Een opwekking van de doden zal wel plaatsvinden op deze dag. Zij die op aarde geestelijk dood zijn, zullen uit hun slaap ontwaken, als ze God in Zijn grootheid en macht zullen onderkennen en als ze zich voor Zijn rechtvaardigheid zullen moeten verantwoorden. Doch dit ontwaken zal vreselijk zijn. En zo zullen ook vele die in de graven rusten - lichamelijk en geestelijk - die al in de sferen van het hiernamaals vertoeven, ter verantwoording worden geroepen, omdat ze de rust van de dood verkiezen boven de activiteit die van leven getuigt.

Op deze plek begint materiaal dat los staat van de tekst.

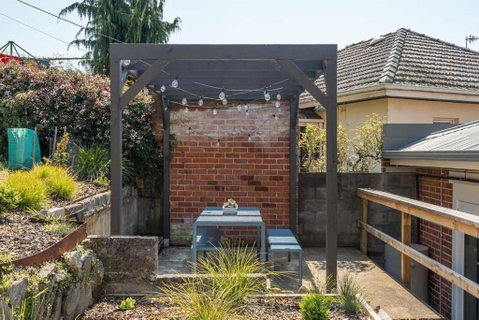 Modern 3-Bed Coastal Escape - Geraldton Accommodation 2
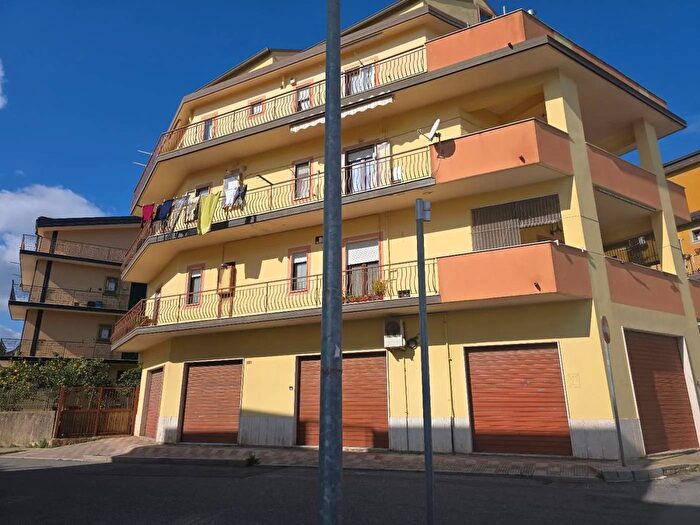 Appartamento quadrilocale in vendita in Via Domenico Antonio Basile Vibo Valentia, Vibo Valentia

Ook die zielen zullen op de dag van het oordeel worden veroordeeld tot een hernieuwde verbanning in de materie, opdat ze nu de toestand van rust te proeven krijgen die hun begerenswaardig toescheen en die ze toch konden ontvluchten. Want als een ziel zich in het hiernamaals negatief ontwikkelt, streeft ze zelf naar de materie. En aan haar wil zal gevolg worden gegeven. Op deze manier zal de opwekking uit de graven op de jongste dag begrijpelijk zijn.

Het vleselijke lichaam heeft wel zijn rust gevonden, in zoverre dat het de ziel niet meer hoeft te dienen, maar ook zijn geestelijke substanties moeten verder hun doel vervullen volgens goddelijke beschikking. De zielen zijn echter te beklagen als ze niet een staat van leven binnen kunnen gaan na de dood van het lichaam. En alleen zo dient de opwekking op de jongste dag tot eeuwig leven of tot eeuwige verdoemenis worden verstaan, dat voor de op aarde levenden plotseling het besef zal komen van het ontwaken uit de diepste geestelijke slaap, doch voor de kwade tot het oordeel. Want de goede mensen die op God gericht zijn en Zijn wil vervullen, zijn op de hoogte van de levenssituatie na de lichamelijke dood. En zij vrezen deze laatste niet en gaan ook het eeuwige leven binnen. Doch de hernieuwde ontwikkelingsgang op de nieuwe aarde door haar scheppingen, zal ook moeten worden gegaan door vele zielen die al lang van deze aarde zijn gescheiden, die tijd in overvloed hadden in het geestelijke rijk om hun wil te veranderen en actief te worden, die echter in hun krachteloze toestand volhardden en de rust van de dood de voorkeur gaven en daarom steeds krachtelozer werden, zodat het geestelijke zelf verhardde en rijp is voor hernieuwde verbanning in aardse scheppingen. Dezen staan als het ware op uit hun graven, want hun wordt weer een nieuwe mogelijkheid geboden om naar het levenslicht te gaan, al is het ook na een onheuglijk lange periode. Alles wat geestelijk dood is, zal ontwaken op de jongste dag, maar niet tot het leven maar tot het oordeel.

Zalig die niet rusten in deze doodsslaap. Zalig die onophoudelijk bezig zijn op aarde of in het geestelijke rijk en wier bezigheden niet uit aardse inspanningen bestaat, maar hun geestelijke ontwikkeling dient. Zalig die leven in de geest, die zich niet overgeven aan de slaap van de traagheid, die de rust niet zoeken, want ze zullen leven in gelukzaligheid en de dag van de opwekking niet hoeven te vrezen.